Con el fin de atender la resolución del Poder Judicial, el dictamen estableció el Producto Interno Bruto per cápita y un límite máximo de referencia como parámetros para definir el monto de la remuneración presidencial.

No obstante, las fracciones del PAN, PRI y PRD advirtieron que la nueva ley mantiene vigentes los elementos de inconstitucionalidad señalados por los ministros y acusaron a Morena de legislar al “capricho” del presidente Andrés Manuel López Obrador.

“Si bien atiende varios aspectos de la sentencia de la Suprema Corte que nos ha obligado abordar nuevamente este asunto, deja de lado otros, sin los cuales la ley seguirá incompleta y muy probablemente seguirá estando sujeta a impugnaciones: ni el dictamen, ni la reserva resuelven el tema de fondo, que es la determinación de las remuneraciones del presidente de manera objetiva, proporcional y adecuada”, acusó la panista Laura Rojas.

Los legisladores priistas Enrique Ochoa y Eduardo Zarzoza advirtieron que los elementos señalados por el Poder Judicial como inconstitucionales se incluyeron nuevamente en el articulado.

En el mismo sentido se pronunció desde la tribuna el diputado perredista Antonio Ortega:

“Vergonzosamente, de nueva cuenta Morena presenta un proyecto que no atiende el requerimiento de la Suprema Corte y que va a significar, por quinta, sexta o séptima ocasión, el rechazo a un capricho del presidente que está lesionando derechos de servidores públicos y de instituciones”.

En respuesta, el legislador morenista Pablo Gómez defendió el dictamen y subrayó que poner límite a las remuneraciones de la burocracia responde a un clamor popular.

“Dicen que es el capricho del actual presidente; no es el capricho de nadie, fue un clamor popular que ya entonces existía, porque los funcionarios públicos se ponían el sueldo que querían ponerse y agregaban una serie de prestaciones y en cada dependencia, como dicen popularmente se servían con la cuchara grande”, remarcó.

La nueva Ley Federal de Remuneraciones de los Servidores Públicos reafirma la prohibición de pensiones para los ex presidentes y otros altos funcionarios públicos.

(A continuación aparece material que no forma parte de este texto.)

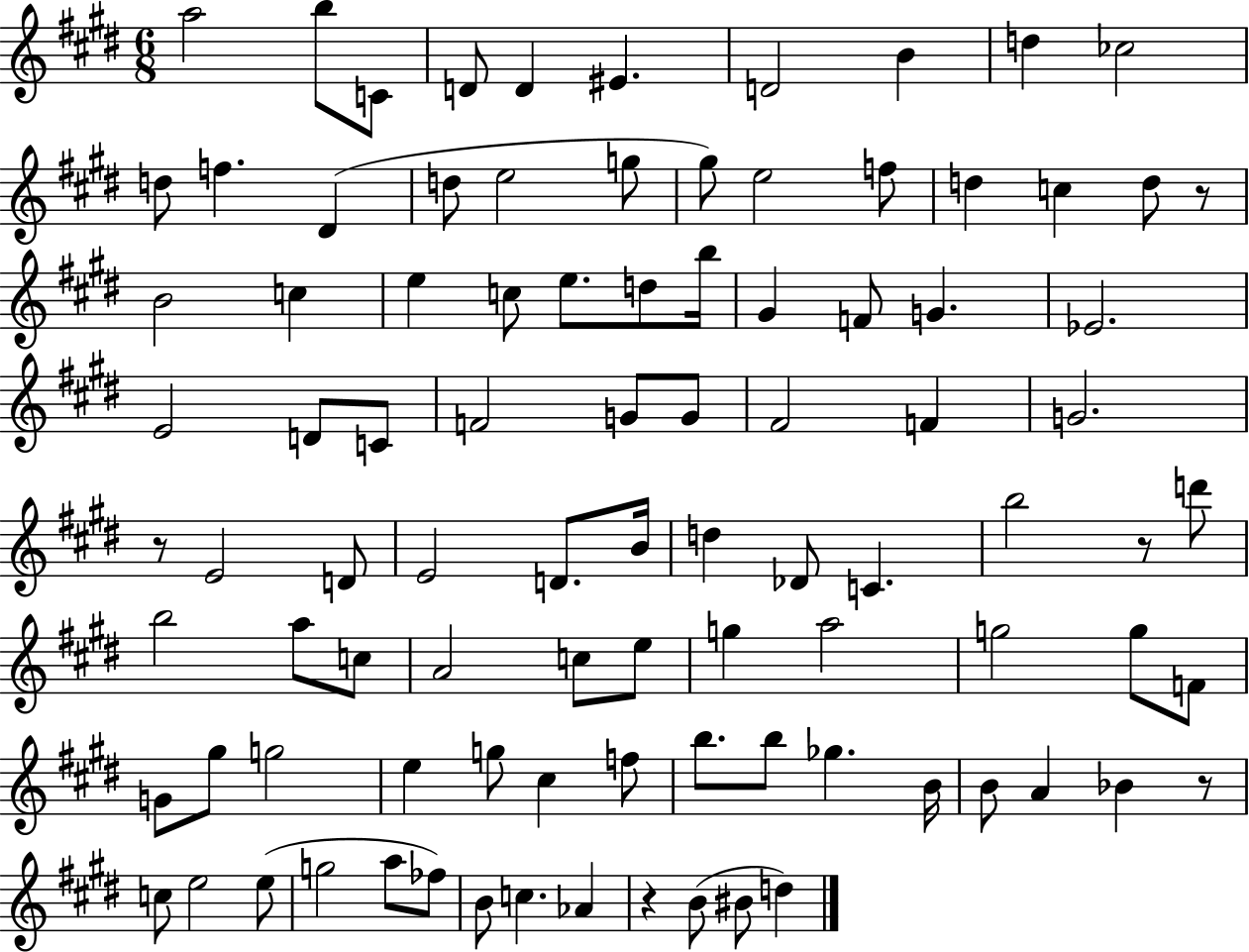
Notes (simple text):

A5/h B5/e C4/e D4/e D4/q EIS4/q. D4/h B4/q D5/q CES5/h D5/e F5/q. D#4/q D5/e E5/h G5/e G#5/e E5/h F5/e D5/q C5/q D5/e R/e B4/h C5/q E5/q C5/e E5/e. D5/e B5/s G#4/q F4/e G4/q. Eb4/h. E4/h D4/e C4/e F4/h G4/e G4/e F#4/h F4/q G4/h. R/e E4/h D4/e E4/h D4/e. B4/s D5/q Db4/e C4/q. B5/h R/e D6/e B5/h A5/e C5/e A4/h C5/e E5/e G5/q A5/h G5/h G5/e F4/e G4/e G#5/e G5/h E5/q G5/e C#5/q F5/e B5/e. B5/e Gb5/q. B4/s B4/e A4/q Bb4/q R/e C5/e E5/h E5/e G5/h A5/e FES5/e B4/e C5/q. Ab4/q R/q B4/e BIS4/e D5/q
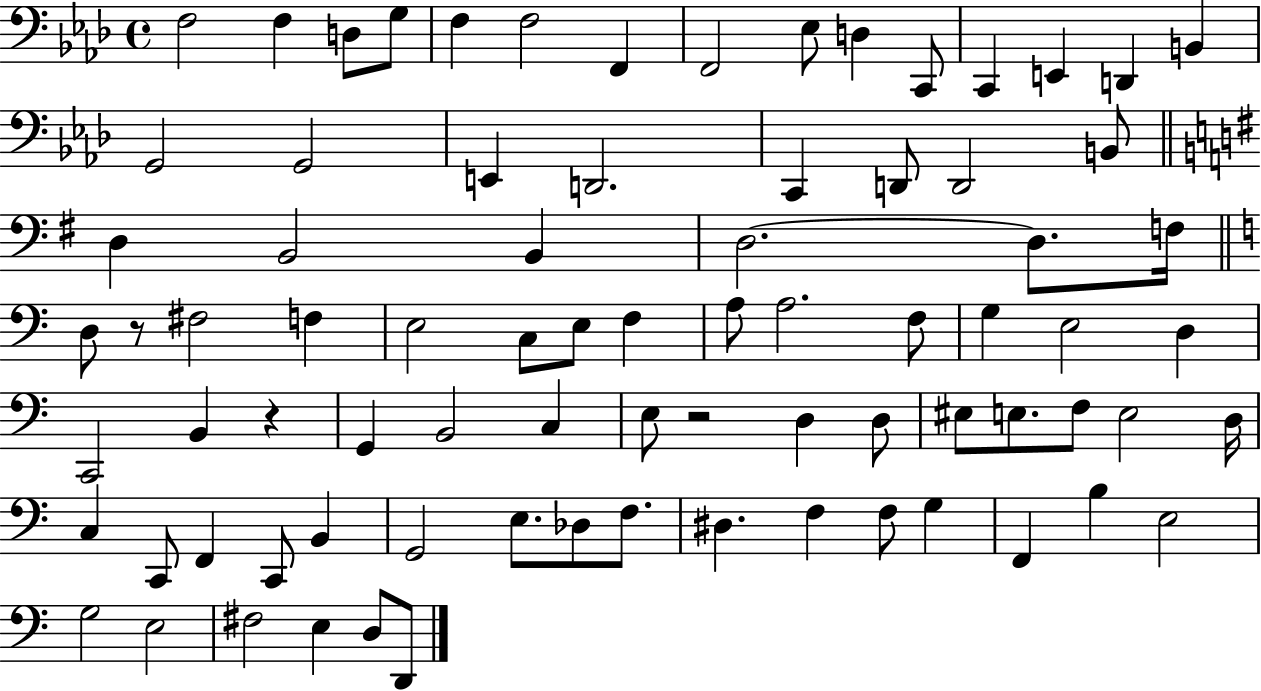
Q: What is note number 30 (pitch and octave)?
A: D3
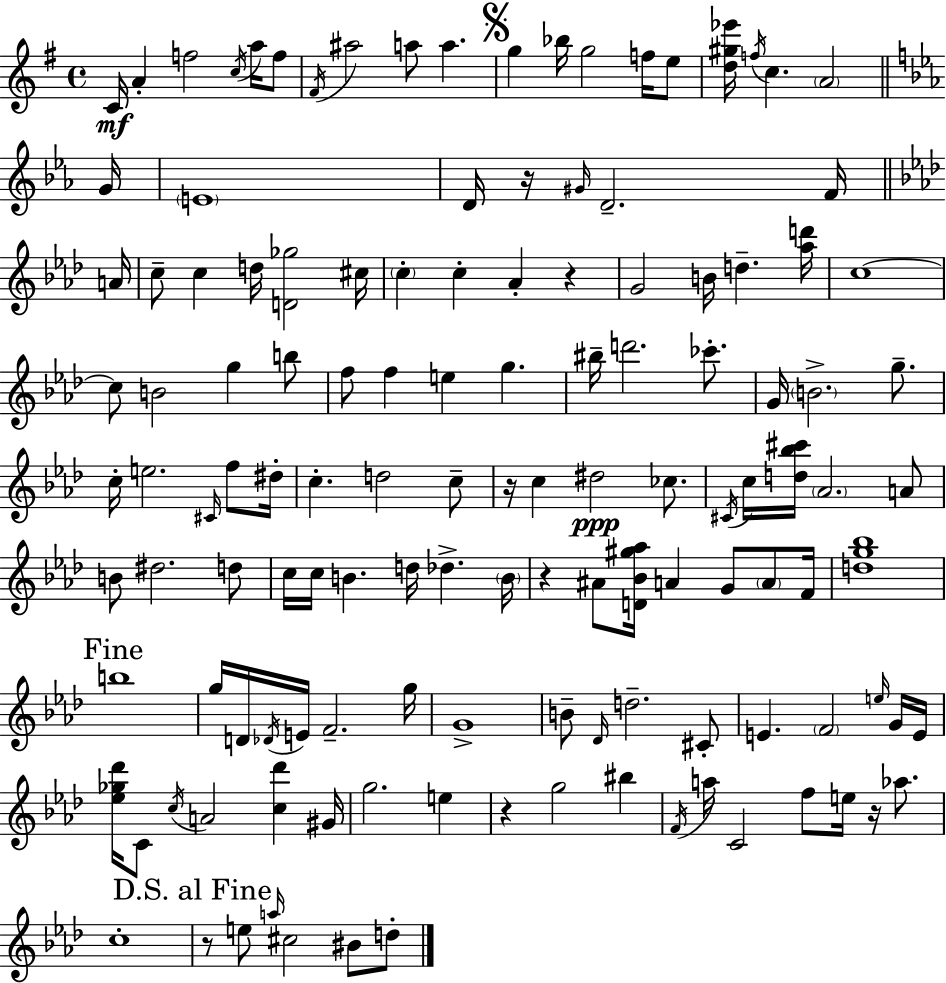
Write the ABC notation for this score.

X:1
T:Untitled
M:4/4
L:1/4
K:Em
C/4 A f2 c/4 a/4 f/2 ^F/4 ^a2 a/2 a g _b/4 g2 f/4 e/2 [d^g_e']/4 f/4 c A2 G/4 E4 D/4 z/4 ^G/4 D2 F/4 A/4 c/2 c d/4 [D_g]2 ^c/4 c c _A z G2 B/4 d [_ad']/4 c4 c/2 B2 g b/2 f/2 f e g ^b/4 d'2 _c'/2 G/4 B2 g/2 c/4 e2 ^C/4 f/2 ^d/4 c d2 c/2 z/4 c ^d2 _c/2 ^C/4 c/4 [d_b^c']/4 _A2 A/2 B/2 ^d2 d/2 c/4 c/4 B d/4 _d B/4 z ^A/2 [D_B^g_a]/4 A G/2 A/2 F/4 [dg_b]4 b4 g/4 D/4 _D/4 E/4 F2 g/4 G4 B/2 _D/4 d2 ^C/2 E F2 e/4 G/4 E/4 [_e_g_d']/4 C/2 c/4 A2 [c_d'] ^G/4 g2 e z g2 ^b F/4 a/4 C2 f/2 e/4 z/4 _a/2 c4 z/2 e/2 a/4 ^c2 ^B/2 d/2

“No se considerarán ni cubrirán jubilaciones, pensiones, haberes de retiro o pago de semejante naturaleza por servicios prestados en el desempeño de la función pública sin que éstas se encuentran asignadas por la ley, decreto legislativo, contrato colectivo o condiciones generales de trabajo. En consecuencia son nulas de pleno derecho las jubilaciones o pensiones, los haberes de retiro o pago semejantes que se hubieren concedido sin estar explícitamente establecidas en los instrumentos jurídicos señalados”, señala.